▶ [RECORDED INFORMATION]
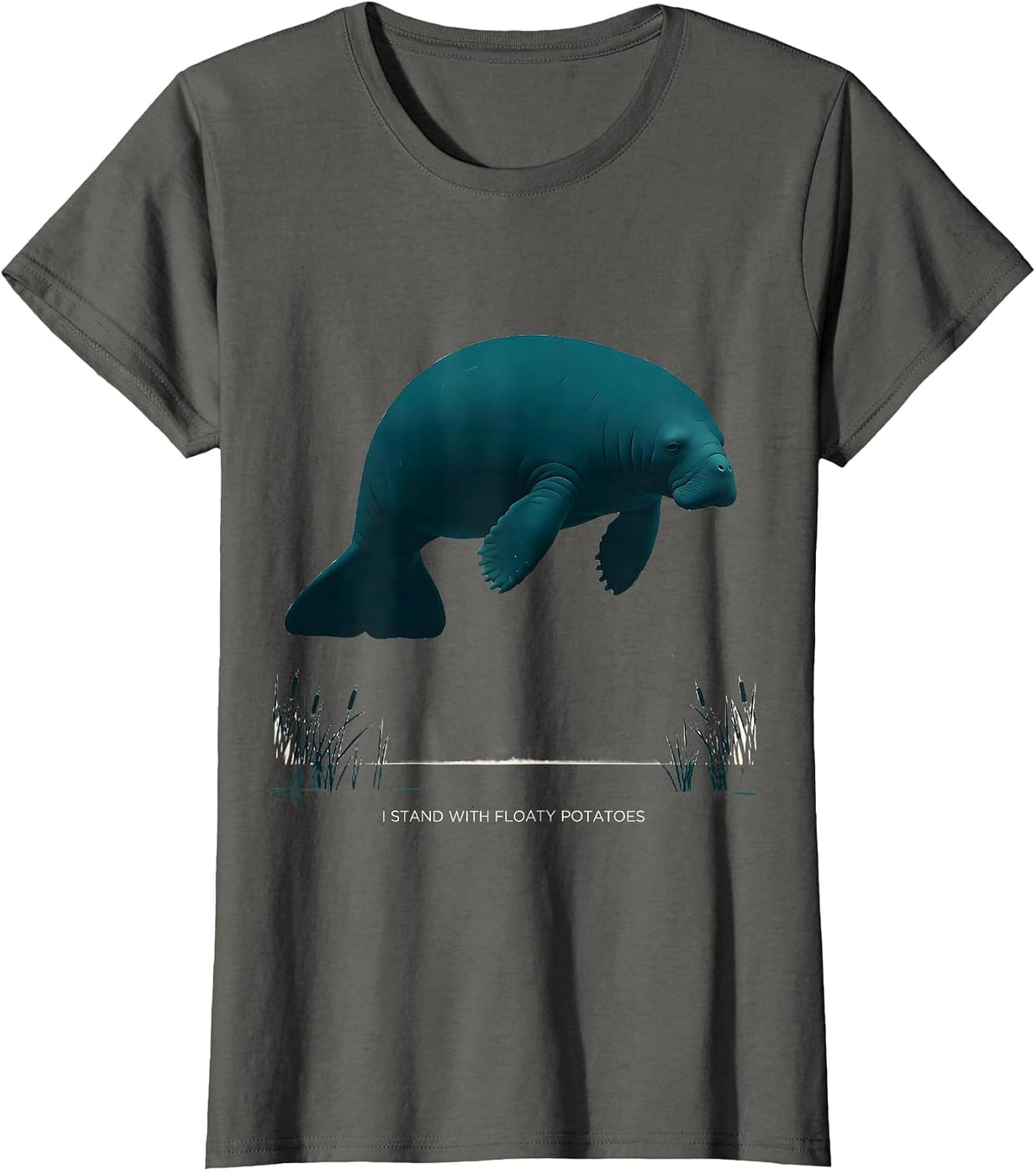 Women's I Stand With Floaty Potatoes Funny Manatee Lover Gift T-Shirt - Asphalt Grey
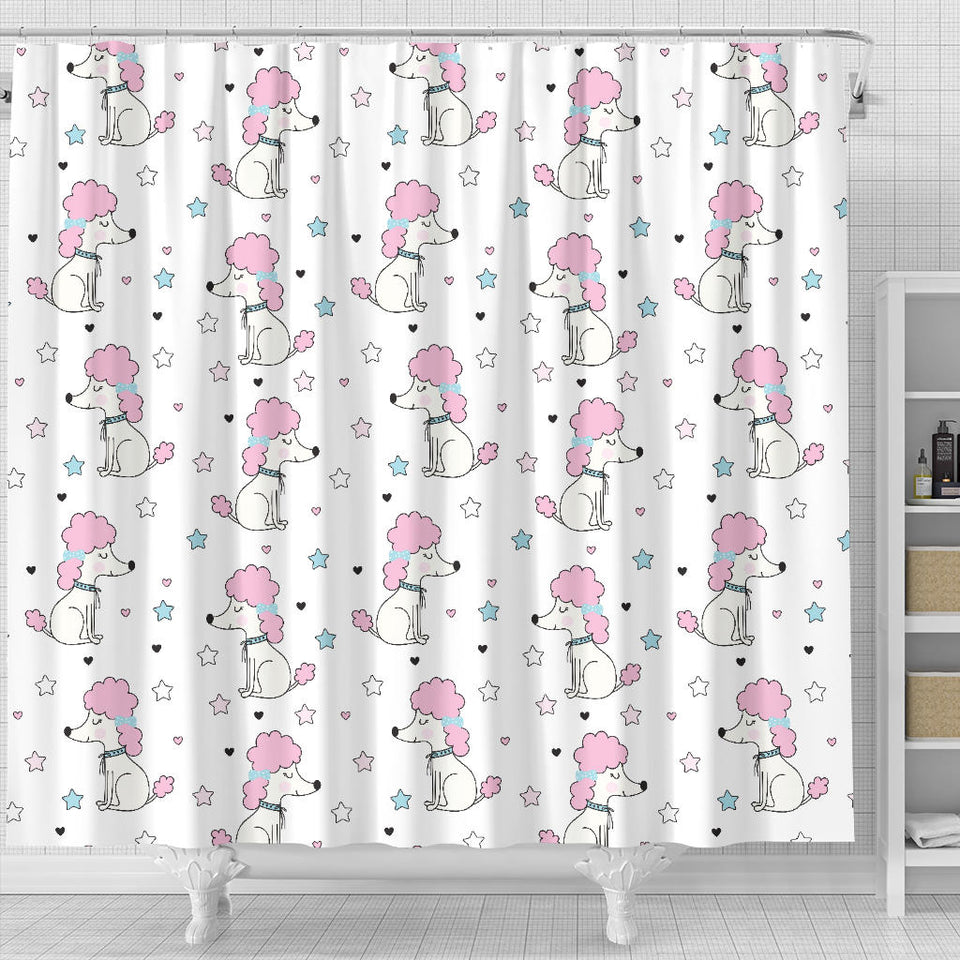 Cute Poodle Dog Star Pattern Shower Curtain Fulfilled In US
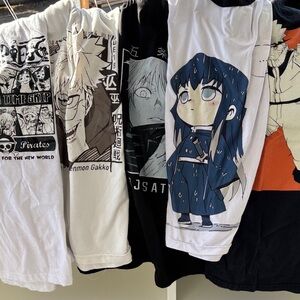 Teens Anime Graphic T-Shirt — Black  & White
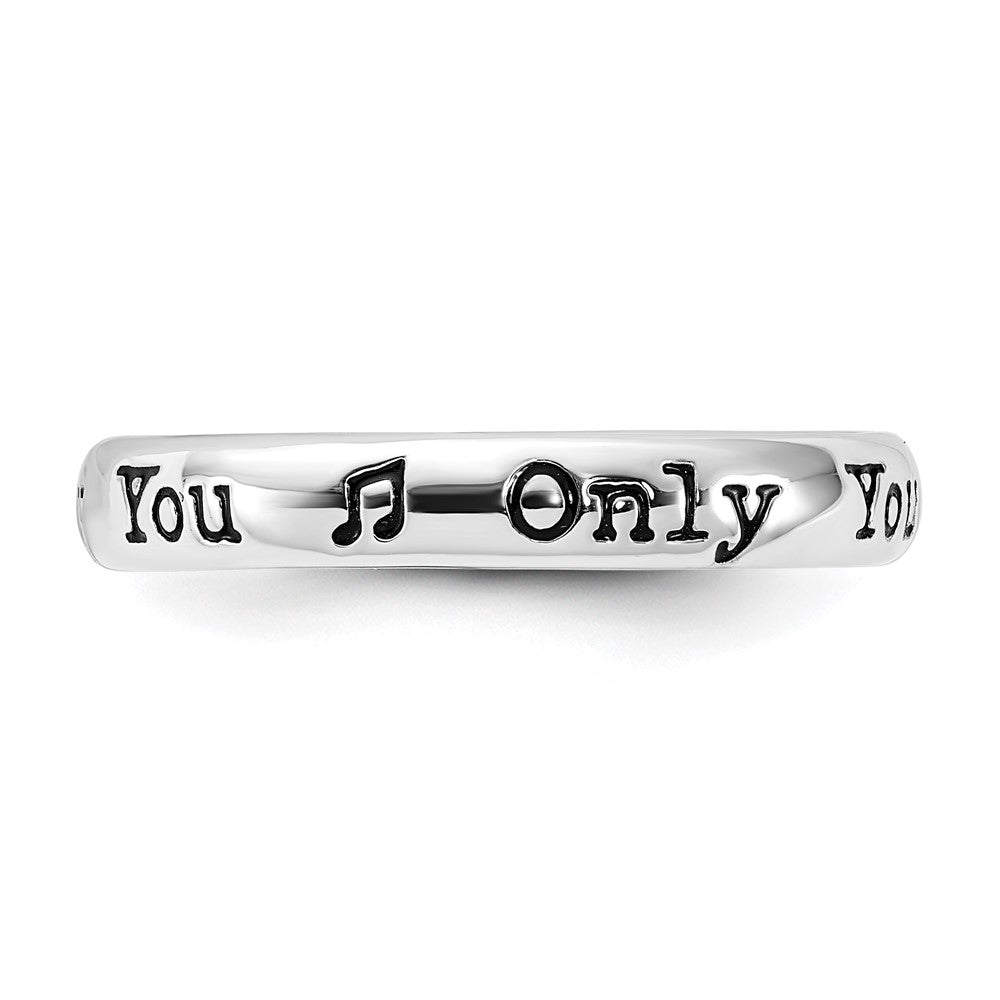 Sterling Silver Stackable Expressions Enameled Lyric Only You Ring
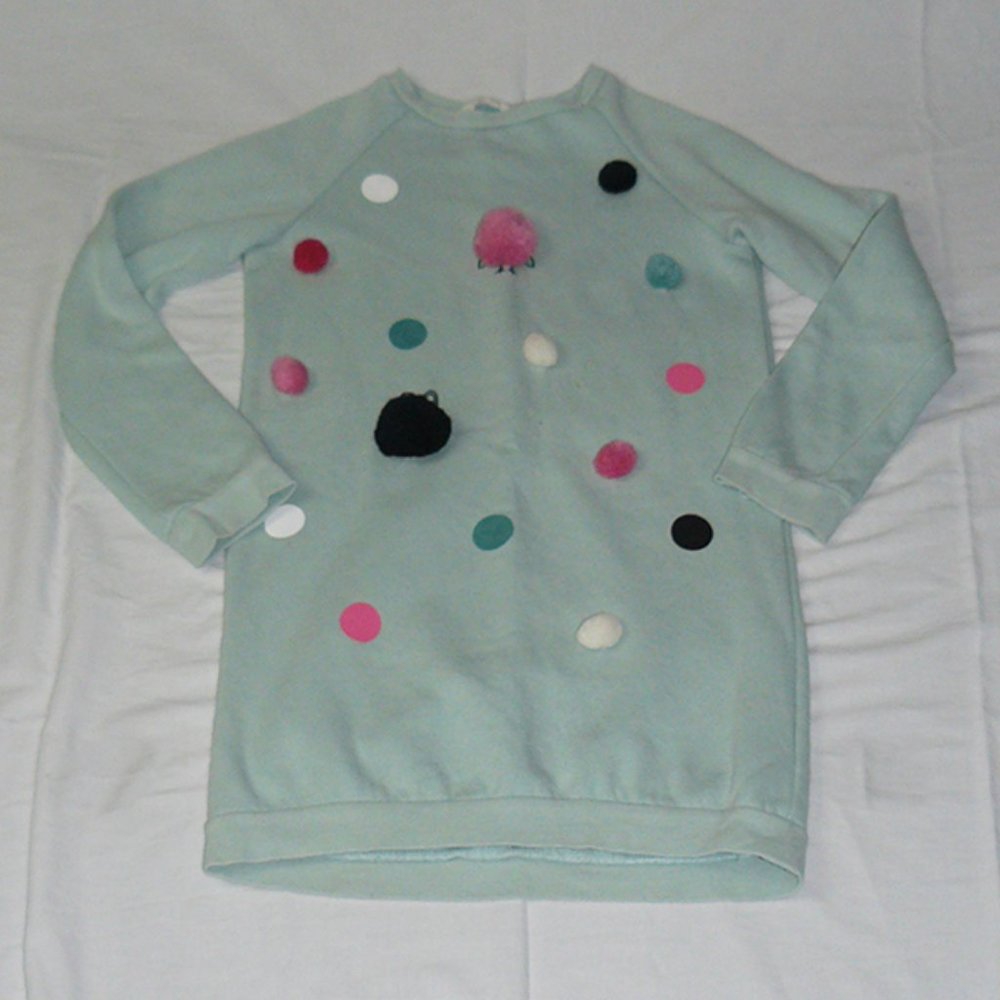 Adorable & Fun Girls Polka Dot Puffball Sweatshirt Tunic Dress, H&M, size 8-10
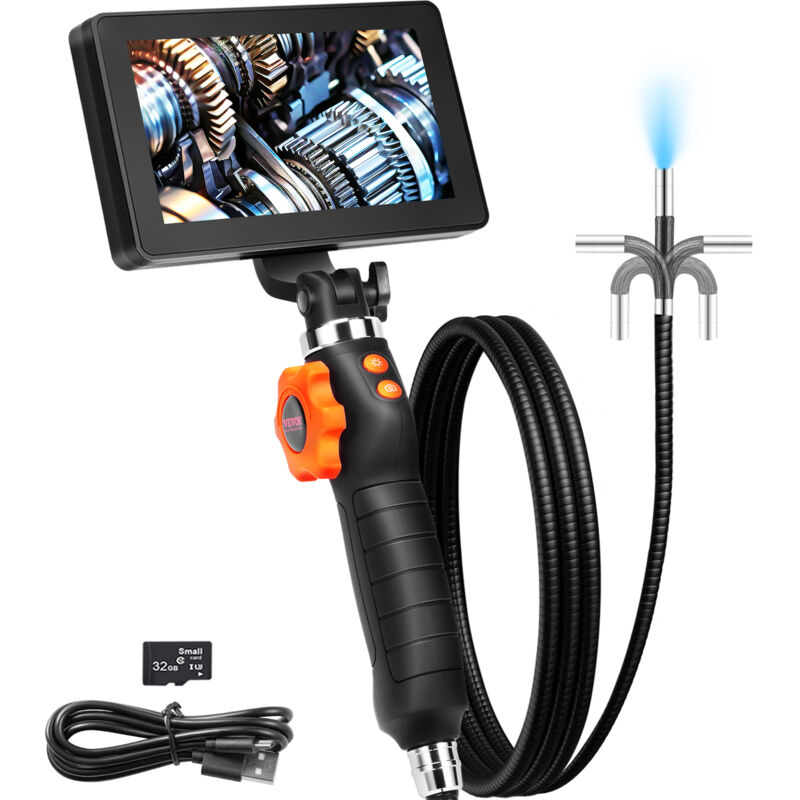 Flexible Boreskopkamera, Endoskop mit Doppelgelenk und 6,4 mm schmalem Objektiv, 5-Zoll-IPS-HD-Display, 8-fache Vergrößerung, Schlangenkamera mit 8
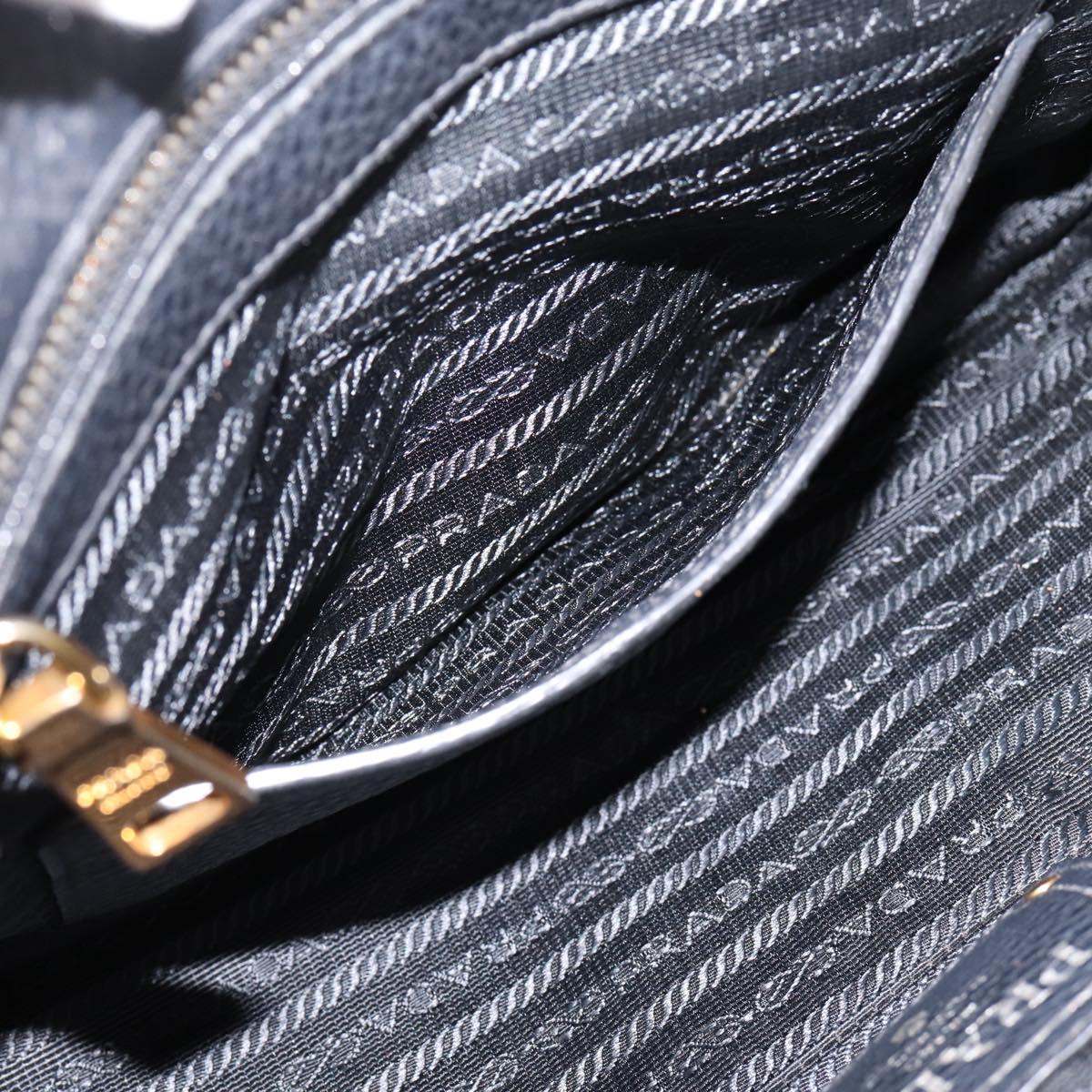PRADA Hand Bag Leather 2way Black Gold Auth ep16198V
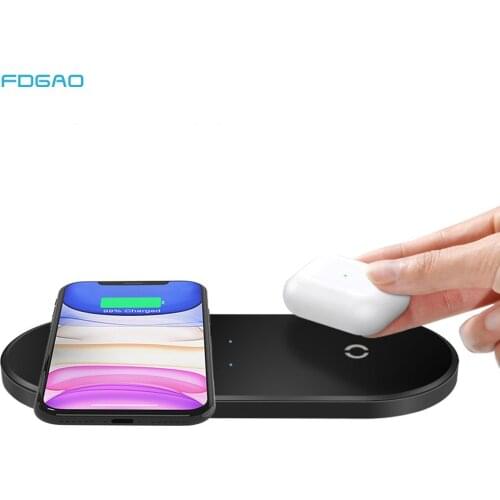 20W 2 in 1 Qi Wireless Charger For iPhone 12 11 XR X 8 Airpods Pro Dual Fast Charging Pad for Samsung S20 S10 Buds Huawei Xiaomi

▶ [TASK INSTRUCTIONS] Word for word, repeat the lines above from the one with "Sterling Silver Stackable" through the one with "Flexible Boreskopkamera, Endoskop", and nothing beyond them. Omit the pictures.

▶ [WORKED SOLUTION]
 Sterling Silver Stackable Expressions Enameled Lyric Only You Ring
 Adorable & Fun Girls Polka Dot Puffball Sweatshirt Tunic Dress, H&M, size 8-10
 Flexible Boreskopkamera, Endoskop mit Doppelgelenk und 6,4 mm schmalem Objektiv, 5-Zoll-IPS-HD-Display, 8-fache Vergrößerung, Schlangenkamera mit 8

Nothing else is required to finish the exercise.